Sometimes it can be blatantly obvious why certain men struggle to commit from dating to an exclusive relationship, especially if he’s found a great person to be with. It’s usually boiled down to the fact they aren’t emotionally mature for a relationship, but there’s more to commitment-phobes than meets the eye. When it comes to men who struggle to put big commitments on a home or getting married, it can stem from other reasons.
Men often struggle to commit because of issues to do with past relationships (including the relationships with their parents), fears of being rejected and committing to one person, and how they view relationships in general. Let’s dive into why men struggle to commit and how to help him get over these fears.
He’s not a one-woman man
Sometimes, men struggle to commit to a relationship simply because they don’t want one – they want several. They desire to have multiple women and relationships going at once because he feels fulfilled sexually, emotionally and mentally with various people taking care of his needs. Your date might be struggling to commit because he could already be in a serious relationship you are unaware of, and doesn’t want to take it public because he’ll be outed.

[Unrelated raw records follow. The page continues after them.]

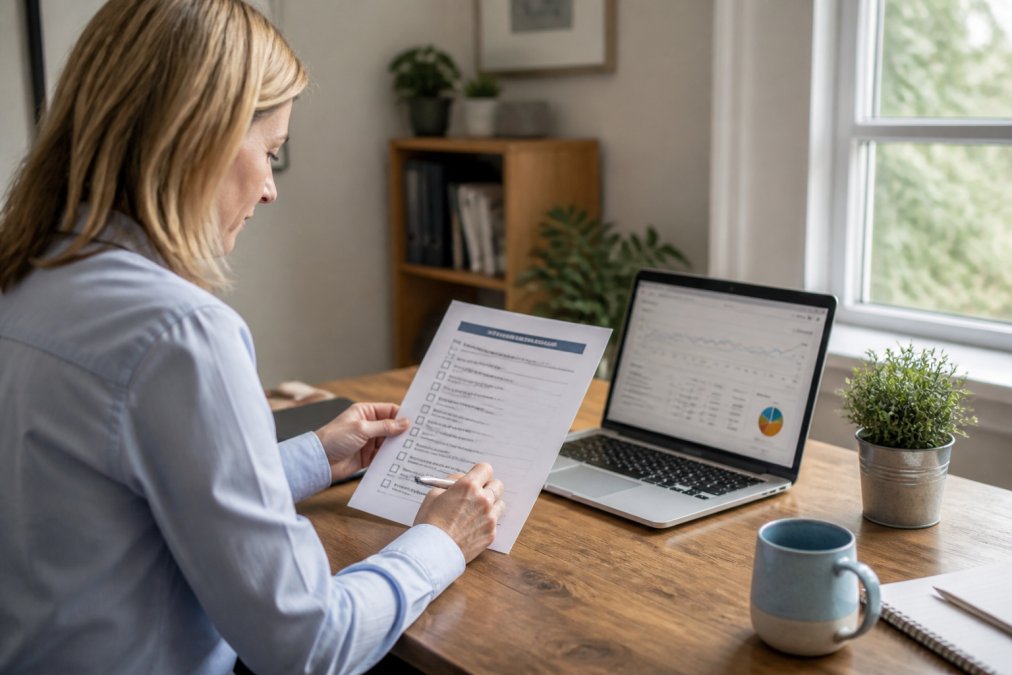 A small business owner reviewing a printed content checklist at a tidy wooden desk, with a laptop open showing a website analytics dashboard in the background, under natural window light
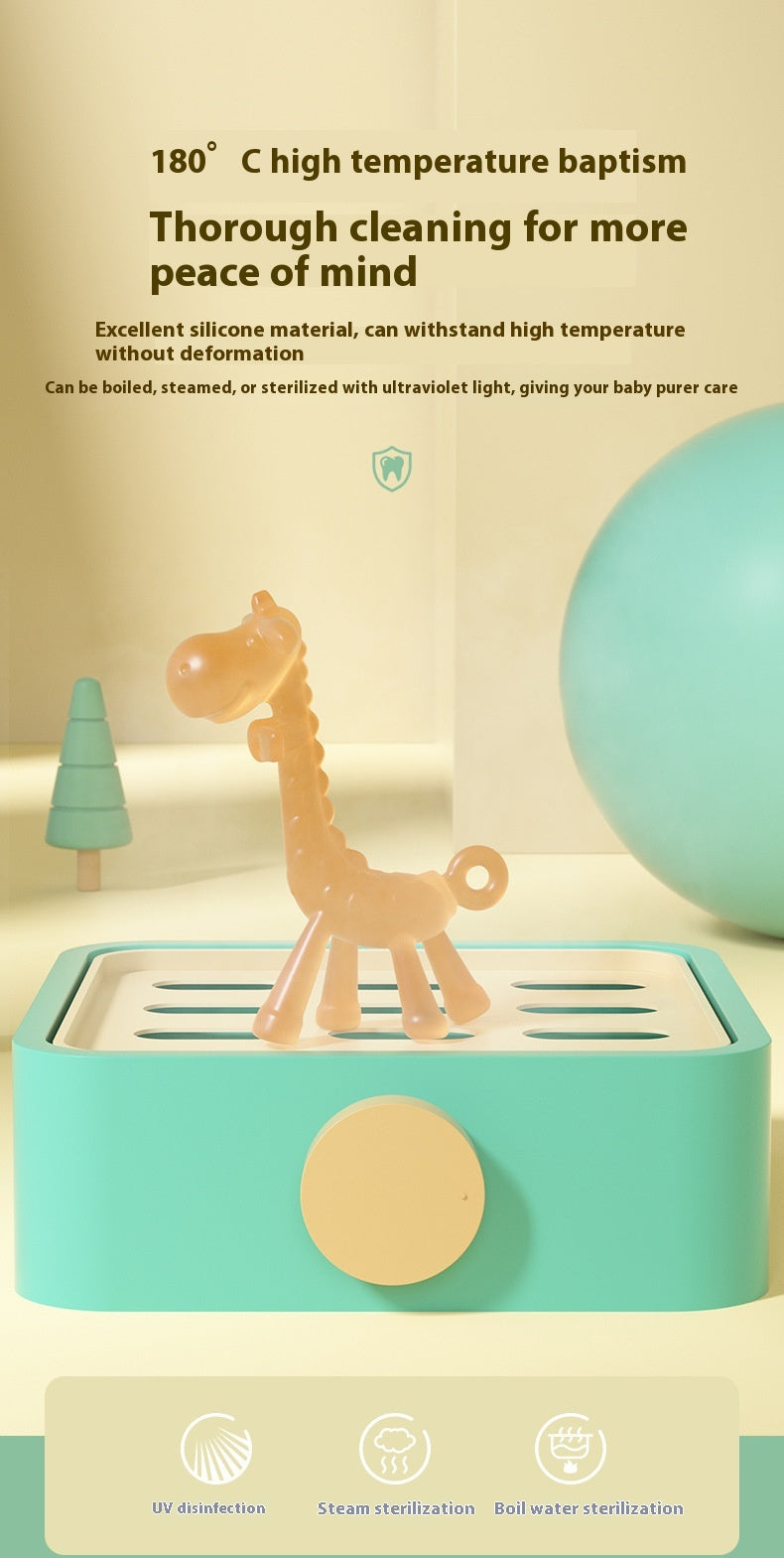 Bébé liquide Giraffe Teether Safe Silicone Nano Molar Rod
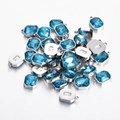 Octagon blue crystal pendants with silver stainless steel settings for jewelry making - Sky Blue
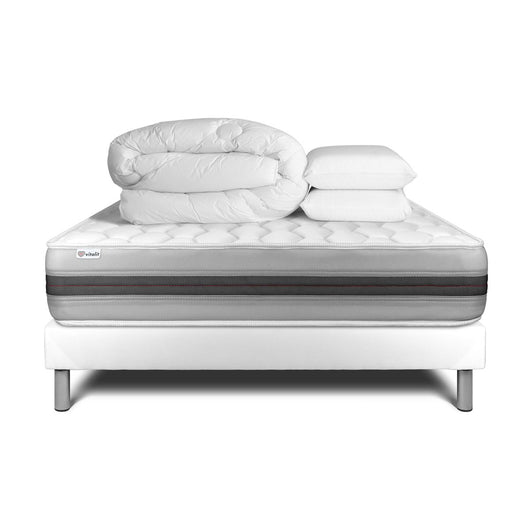 Pacchetto letto completo - Materasso 140x200cm + Box spring con doghe (in kit) + 2 cuscini + Piumino - Vitalspring Recover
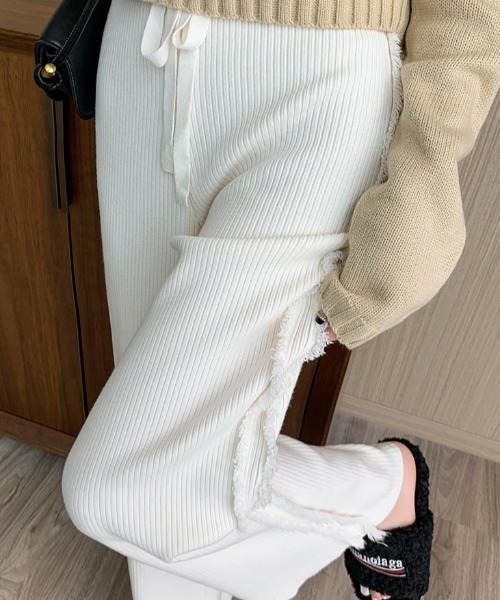 deux amour パンツ フリンジリブニットパンツ レディース : ZOZOTOWN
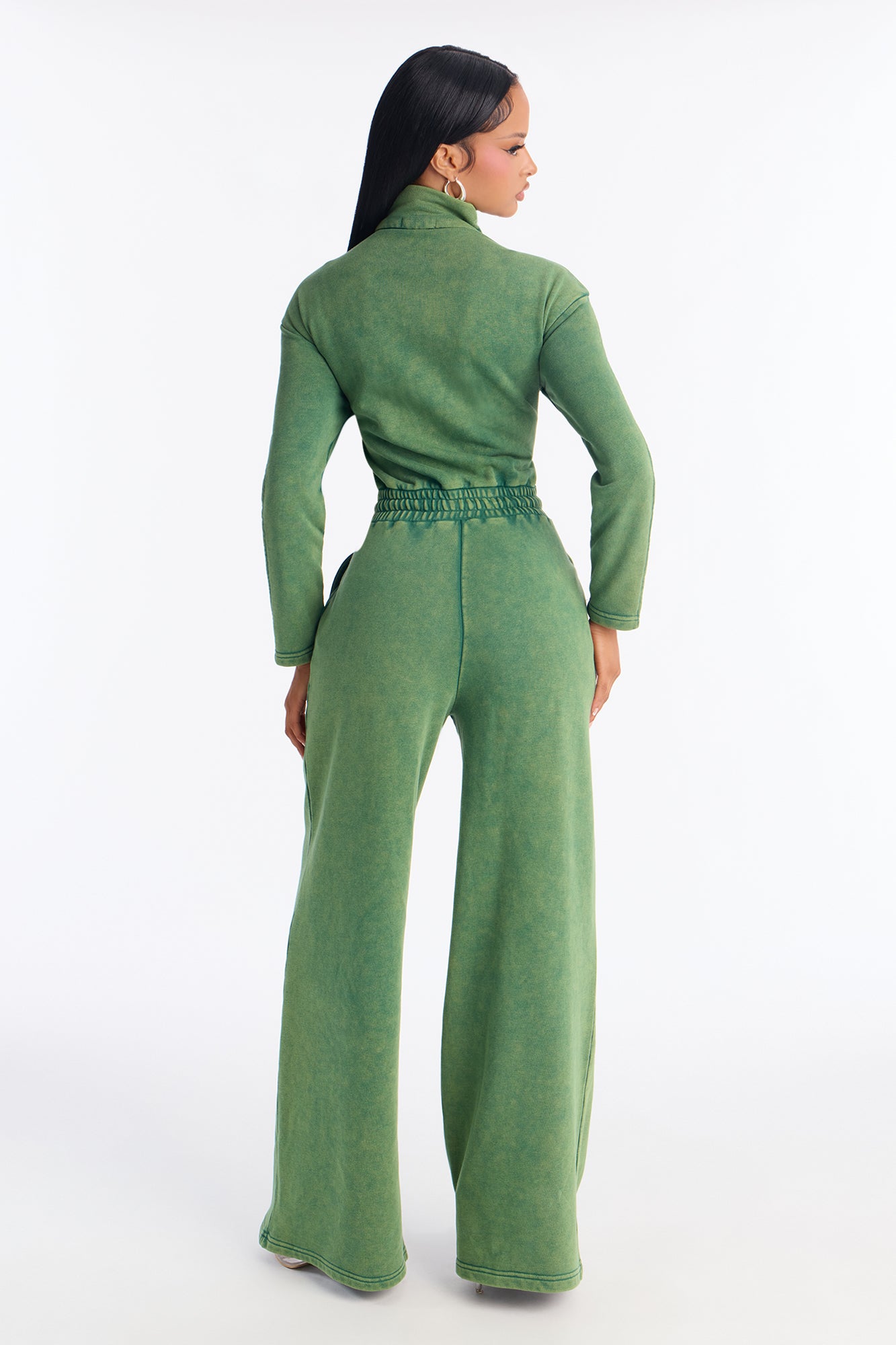 Busy Schedule Washed French Terry Jumpsuit - Hunter
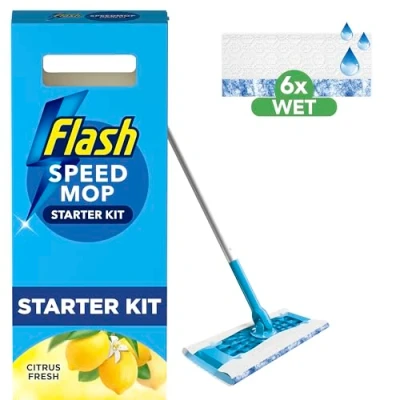 Image of Flash Speedmop Wet Mop Floor Cleaner Starter Kit For Cleaning Floors With Scrubbing Action, Includes: 1 Mop, 6 Refills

This man loves to live the best of both worlds with a committed front girl and a sneaky side-chick. It’s not your job to bring this man into the zone of commitment for your relationship and he won’t change; it’s best to let him go and find someone who will want to be with you and only you, if that’s your end game.
Family values
We often base our relationship expectations and perceptions on our experiences with our first ever relationship, the one we had with our parents. For some men, they’ve grown up in healthy households in which they have learned to take responsibility, face consequences, respect everyone including women, and to work for what they want out of life. For others, whether it be being abandoned by a parent, seeing abuse in their household, and experiencing a distorted view of how a relationship should work can influence how they act in relationships in adulthood.

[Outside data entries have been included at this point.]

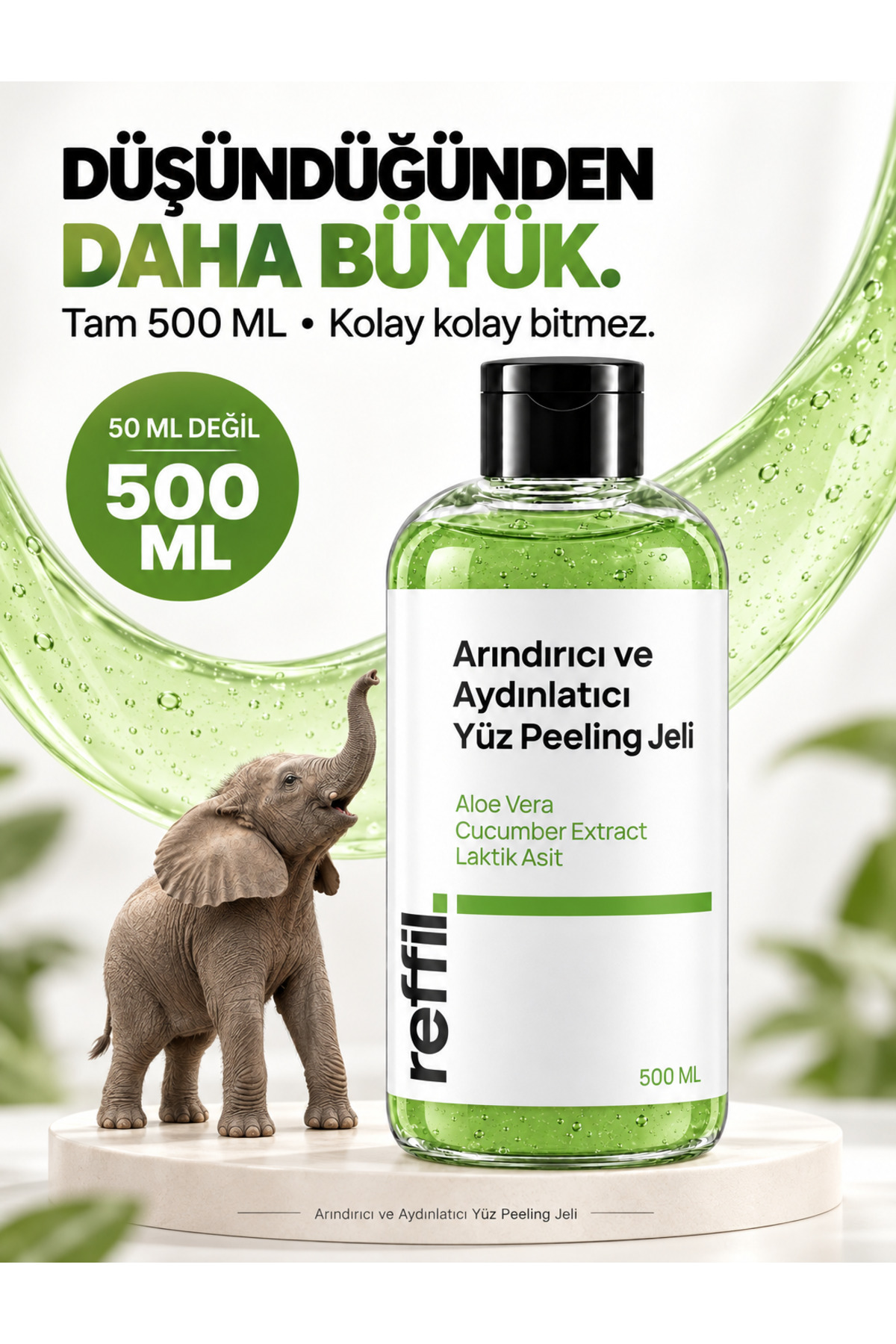 Arındırıcı Nemlendirici ve Aydınlatıcı Yüz Peeling Jeli - Aloe Vera, Salatalık Özü, Laktik Asit 500 ml — reffil0002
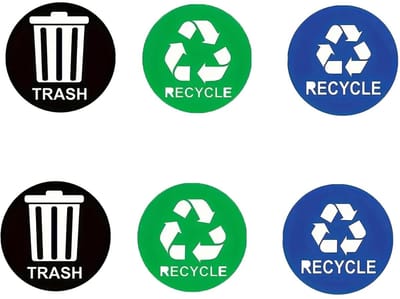 Dailygoods- Afvalcontainerstickers 6 Stuks - Duidelijke Sorteerinformatie - Voor Binnen/Buiten - Intuïtieve Symbolen - Eenvoudige Instructies - Herkenbare Markering - Vuilnisbakstickers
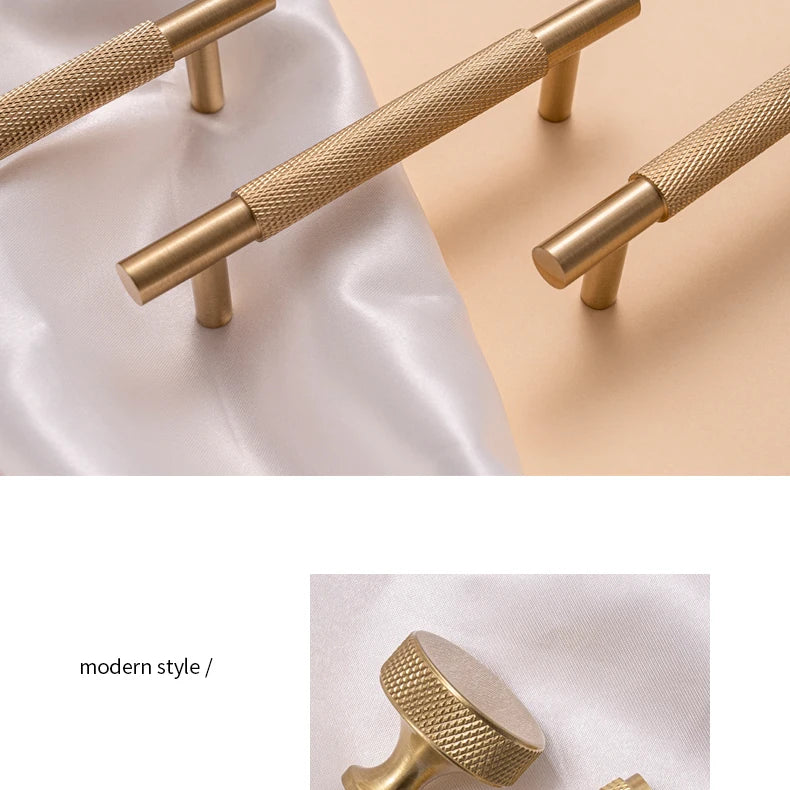 Santaya Solid Brushed Brass Handle Cross Knurled Kitchen Cabinet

For men that struggle to commit because of how they grew up, it can be harder for them to break the connection they have of their relationship perception and behaviour because it is so deeply rooted in their psyche. Whether they’ve seen a parent cheat in the relationship, experience a parent letting them down, or developing trust issues due to past trauma, it’s going to be a self-actualising journey if they can break down and address these inner issues.
Not facing fears
Men aren’t usually the first ones to talk about their emotions and definitely not the first to self-identify deeper issues they have in relationships. When men are fearful of commitment and rejection, it’s often due to being hurt so severely in a previous romantic relationship – they were unable to come back from the pain and have decided to shut out commitment altogether. They’d rather be in an emotionless, flexible partnership with possibly multiple women and keep them at arms length so they don’t get too close.
The possibility of being hurt again is actually preventing them from creating any real emotions or connections at all; they become lonely because their lack of intimacy and fear of being rejected is what they keep close. For a man like this who has experienced past pain, it can take a while to finally move away from the fear and be vulnerable with someone they genuinely want to be with. If you’re with a man who you have a connection with that won’t budge when taking the next step in your relationship because he’s been hurt here before, you need to openly discuss the issues at hand.
Reassure him that you aren’t that person he was with, and you want to help him go to the next level at his own pace – some men overthink in their minds due to fear of the unknown. You can always remind him if he’s uncomfortable in the next level you can bring it back, but once he’s experienced that it isn’t so bad, it’s unlikely he’ll want to take a step backward in the relationship.